Перед самым концом занятий на доске вывесили список требований от аппалачских[21] общин, все акушерки; и мне сразу бросилось в глаза слово «Трейт». Когда мне сказали, что селеньице лежит в ложбине, среди гор, а ближайшая больница — в двух часах пути по кошмарным дорогам, я пришла в восторг. Точно в таком месте хотела я поработать года два-три, пересмотреть все горы, а уж там, с деньгами и опытом, пробиваться в медицинский мир.
Долина, окруженная горами — в сущности, тот же остров. Вода у нас местная, с гор, лодки наши — списанные джипы, на которых мы и передвигаемся, огибая углы, по узким тропинкам.
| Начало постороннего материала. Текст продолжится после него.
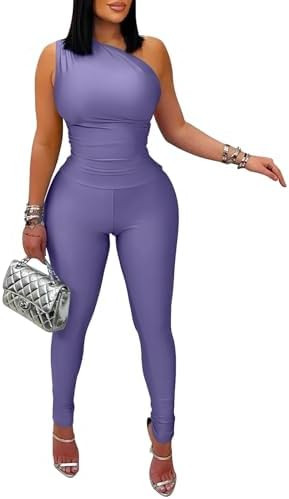 Memoriesea Women's Sexy Jumpsuits One Shoulder Bodycon Rompers One Piece Outfits | Amazon (US)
Есть несколько грузовиков, их может взять напрокат любой фермер, чтобы в хорошую погоду отвезти на рынок телят или свиней. Остальные редко покидают долину. Школа тут больше, чем на острове, не только потому, что семейств раза в два больше, но и потому, что в отличие от островитян, детей считают главным богатством. Есть пресвитерианская школа в одну комнату, из местного камня; учитель бывает там раз в три недели, когда дороги хоть в каком-то порядке. Раз в месяц, по воскресеньям, если погоде и Богу угодно, католический священник служит в школе обедню. В этом уголке Западной Виргинии шахт уже нет. Но литовские и польские шахтеры, чьих дедов привезли из Пенсильвании, остались тут и развели хозяйство на склонах. Упрямые шотландцы или ирландцы считают их чужаками; как же, те хозяйничали и в лощине, и на склонах почти двести лет.
Самая важная проблема для врача — совсем другая, чем на острове. В субботу вечером человек пять-шесть напиваются вусмерть и бьют семью. Протестанты считают, что это — от католиков, католики — что от протестантов. На самом деле, конечно, конфессии тут ни при чем. Может быть, виноваты горы, которые, сверкая вокруг, задерживают рассвет и приближают тьму. Они грозны и прекрасны, как воды, но народ их, кажется, не видит. Не радуется местный народ и обилию дичи, и обилию топлива. Большей частью замечают только плохую почву, да стены, отделяющие от мира. Люди сражаются с горами. На острове мы слушались воду. Это — не одно и то же.
Местные жители туго принимают чужих, но ко мне ходили, нуждаясь в моей расторопности.
21
Аппалачские горы тянутся вдоль атлантического побережья Северной Америки.